I Am Divine (2013)Uma das muitas cabeças falantes de “I Am Divine”, a homenagem amorosa de Jeffrey Schwarz , descreve Divino cujo nome verdadeiro era Harris Glenn Milstead como um “terrorista cinematográfico”. Waters cresceu na mesma rua de Milstead, em Baltimore, a quem conheceu quando tinha 17 anos e credita a Divine por trazer o arrasto “para o nível da anarquia”.

Enquanto você assiste trechos de apresentações no palco, em boates e nos filmes de Waters, Divine aparece como um voraz, de boca suja e tamanho super-grande do desenho animado de Halloween: com uma linha do cabelo raspada até a cabeça para acomodar inclinações Sobrancelhas mephistophelean, ele é simultaneamente engraçado e assustador.

A transformação de Milstead de pária em celebridade é a história de um estranho por excelência um garoto gordinho e efeminado que sofre bullying incansavelmente no ensino médio que revidou e realizou seu improvável sonho de ser uma estrela de cinema.
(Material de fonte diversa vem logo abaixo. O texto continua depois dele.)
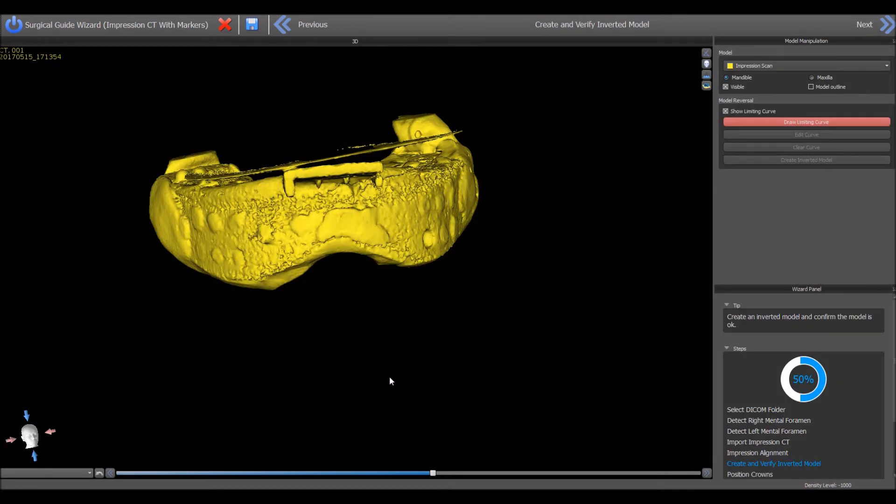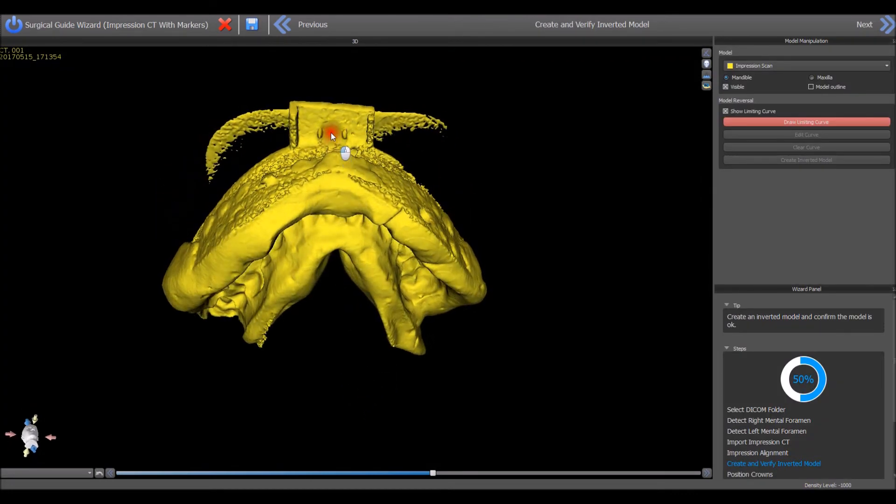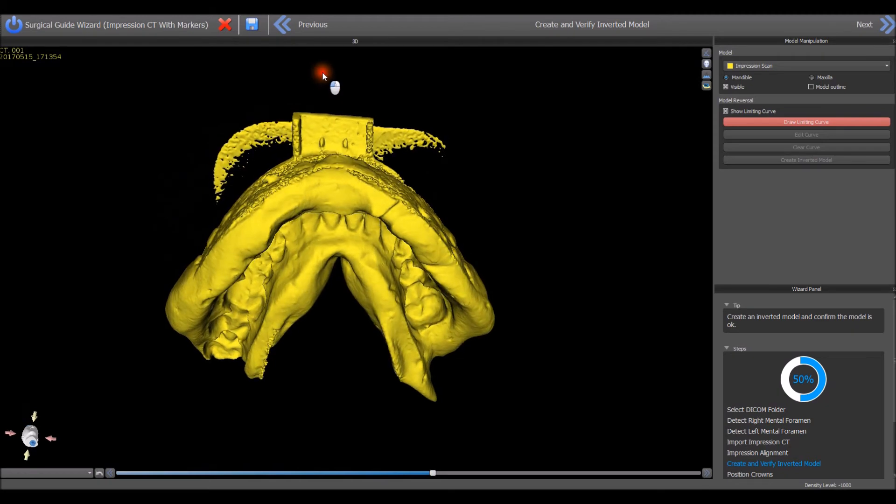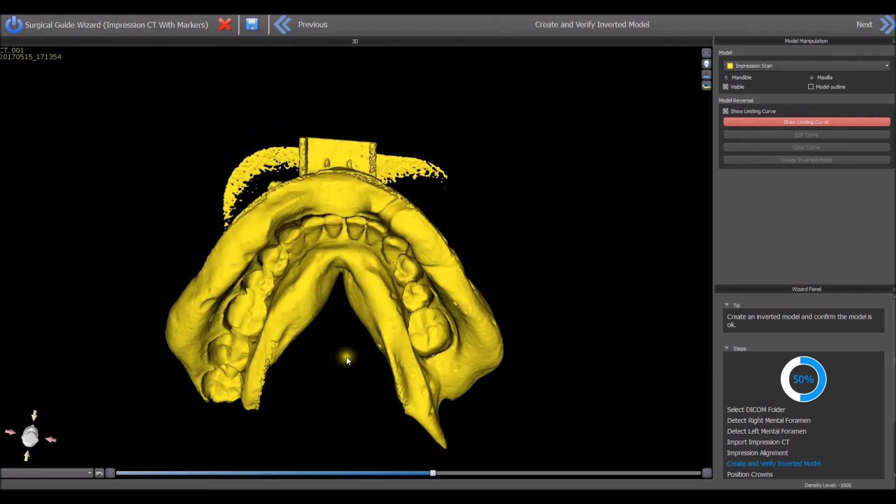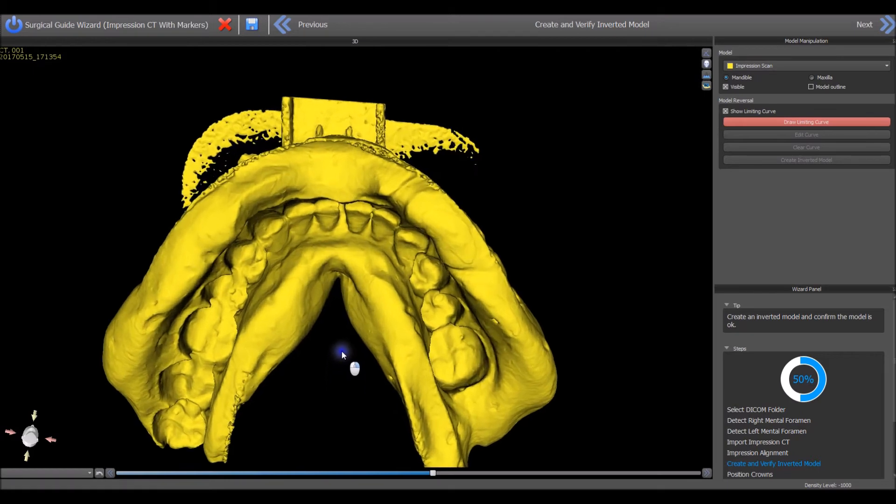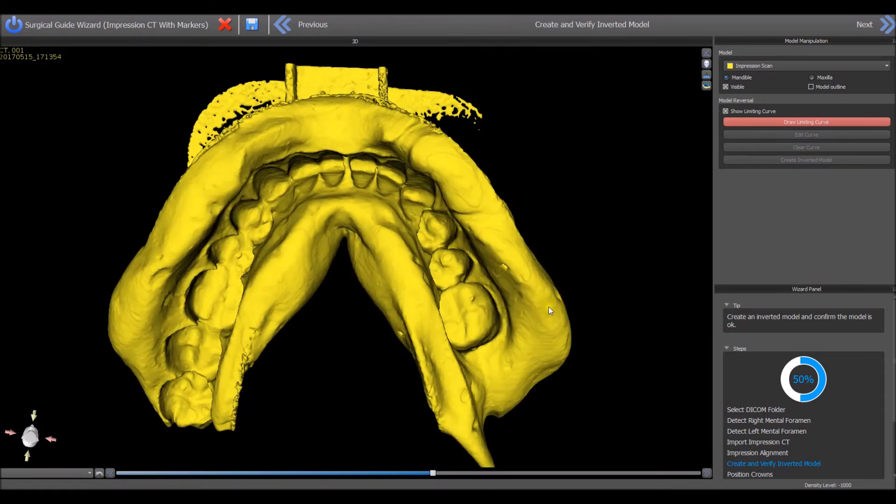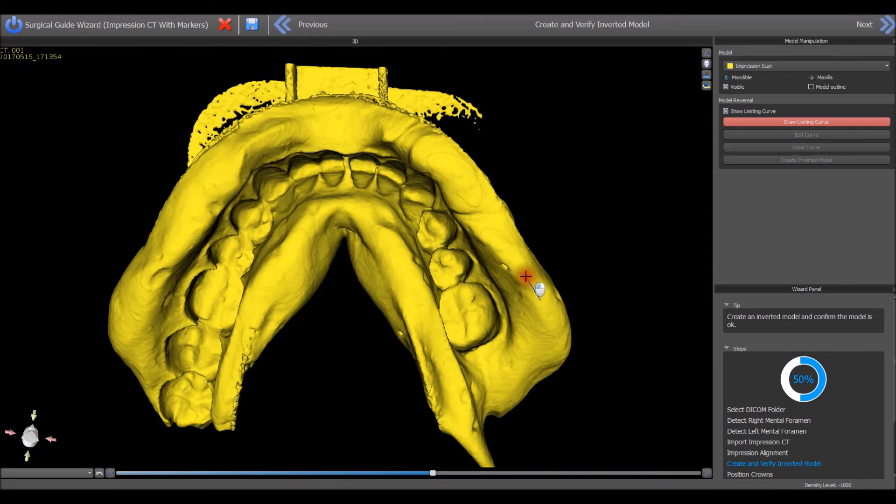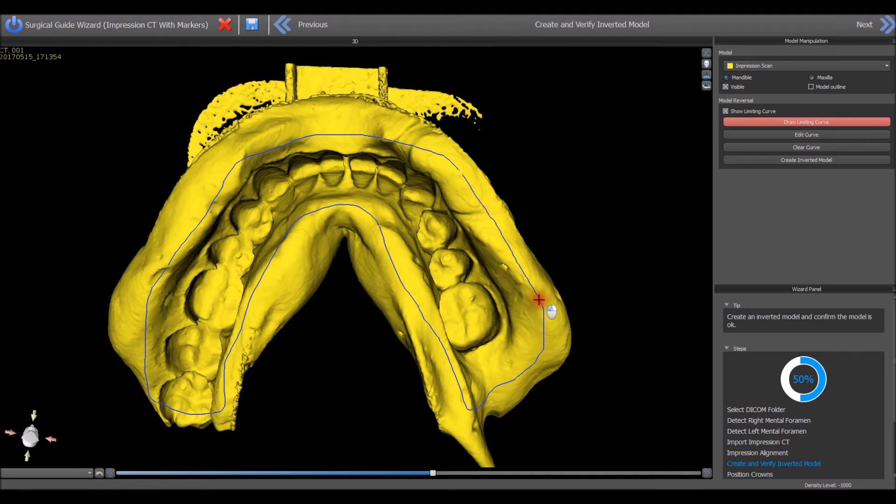Hold the left mouse button to grab and rotate the Impression Scan. Hold the right mouse button and move the mouse forward to zoom in. Hold down the Shift key and the left mouse button to draw a curve to define the area that should be inverted into a model. Continue drawing the curve until the entire relevant area has been indicated and return to the start point to close the curve.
Uma fotografia anterior mostra o menino de uma mãe que rubina com brilho nos olhos, vestido com o seu melhor de domingo.

Sua mãe, Frances Milstead, lembra no filme que um pediatra disse que seu filho era mais feminino que masculino. Ela aceitou essa avaliação rapidamente. Mas quando ele confessou sua homossexualidade, ela diz lhe disseram para “esquecer que você tem mãe e pai”. Anos depois, eles se reconciliaram alegremente. Ela morreu em 2009.

“I Am Divine” não se detém nas dores crescentes de Milstead. É uma história de sucesso agressivamente otimista do show business que se concentra em sua auto-reinvenção como o membro mais carismático e carismático da banda de forasteiros da Dreamland Productions, a empresa de filmes underground de Waters. O documentário inclui trechos dos primeiros filmes de Waters, incluindo “Eat Your Makeup”, no qual Divine interpretou Jacqueline Kennedy em uma recriação grotescamente divertida do assassinato de Kennedy e “Multiple Maniacs”, no qual ele é estuprado por uma lagosta. .

Quando Divine voou para São Francisco para se apresentar com a trupe de dragões Cockettes, ele foi recebido como um dignitário visitante. Um papel determinante foi o sociopata demente Dawn Davenport no filme “Female Trouble”, de meados dos anos 70, que um entrevistado descreve como “Gone With the Wind”, de Waters.

Procurando expandir sua carreira para além do círculo de Waters, Divine empreendeu uma carreira teatral em Nova York como matrona na peça de Tom Eyen, “Women Behind Bars”, e se apresentou em discotecas. Seguiram-se comédias de filmes como “Poliéster” e a paródia ocidental de espaguete “Lust in the Dust”, com Tab Hunter. O tipo de reconhecimento mainstream veio com seu retrato de Edna Turnblad em “Hairspray”.